Are Penny Stocks Right For You?

TM Editors' Note: This article discusses one or more penny stocks and/or microcaps. Such stocks are easily manipulated; do your own careful due diligence.

If someone were to ask you, "What are penny stocks?" what would be your response? This simple question has evoked myriad reactions from traders far and wide. Some will say they're OTC stocks, and others will put a price tag of $1 or $2, etc. According to the Securities & Exchange Commission, penny stocks trade for less than $5 a share.

No matter your personal definition, the goals are the same: make money quickly and repeat the process. Now, I'll preface this article with, while small-caps aren't necessarily all penny stocks, the small-cap ETFs like the Russell 2000 (IWM) and the S&P Small-Cap ETF (IJR) have been used as benchmarks for the health of cheap stocks. Both of these have gotten slaughtered in the wake of the market's latest bout of wild volatility.

penny stocks to watch right now

Should You Buy Penny Stocks Right Now?

Given the state of the stock market today, things can shift at a moment's notice. You've got economic data pushing inflationary fears and the jobs market, which is wide open for new employment. We are certainly at the start of what could be a booming reopening in the U.S. While other countries like India grapple with coronavirus case surges, the rest of the world seems to be starting its rebound. 

Does this mean volatility will soon come to an end? In my opinion, not by a long shot. But understanding how to day trade or even how to take advantage of market fluctuations is important right now. Is it for everyone? I think so, but that's only if you understand the basics of the market and have a handle on managing risk.

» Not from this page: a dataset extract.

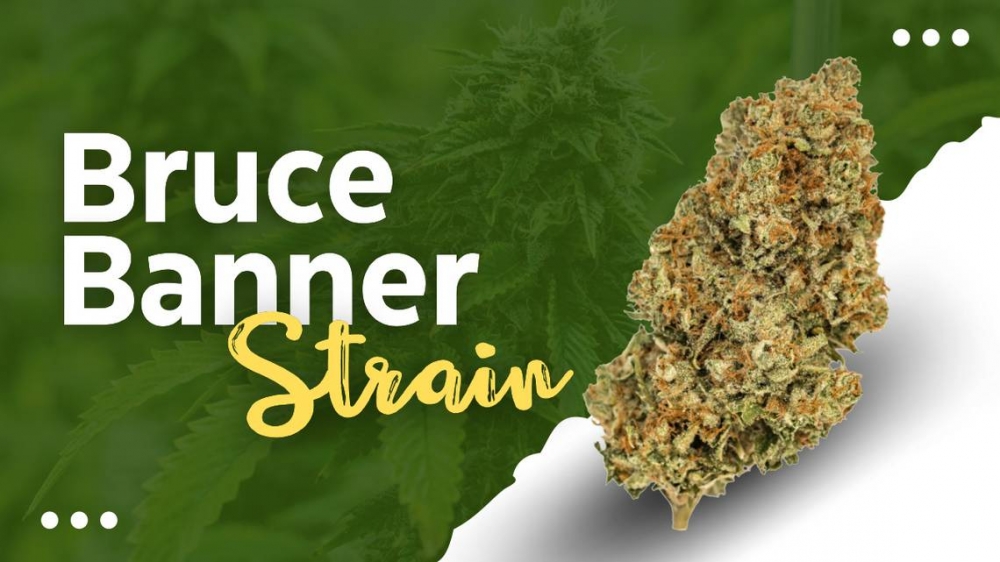 Save Big Buy One Get One Free Offer on Bruce Banner Cannabis Seeds.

If you can, then you're all the wiser. Penny stocks aren't the easiest to trade, but they are big sources of profit for seasoned traders. What's more, if you look at some of the popular names over the last 18 months, many of these stocks under $5 are no longer at those levels. Take Novavax (NVAX), for instance. Though it hasn't experienced the greatest quarter so far, it's trading significantly higher than it was at the beginning of 2020. This is a testament to the company's ability to execute on milestones and secure strong backing from Wall Street firms. Then again, you've also got companies like Hertz  (HTZGQ), which still have yet to recover from pandemic lows.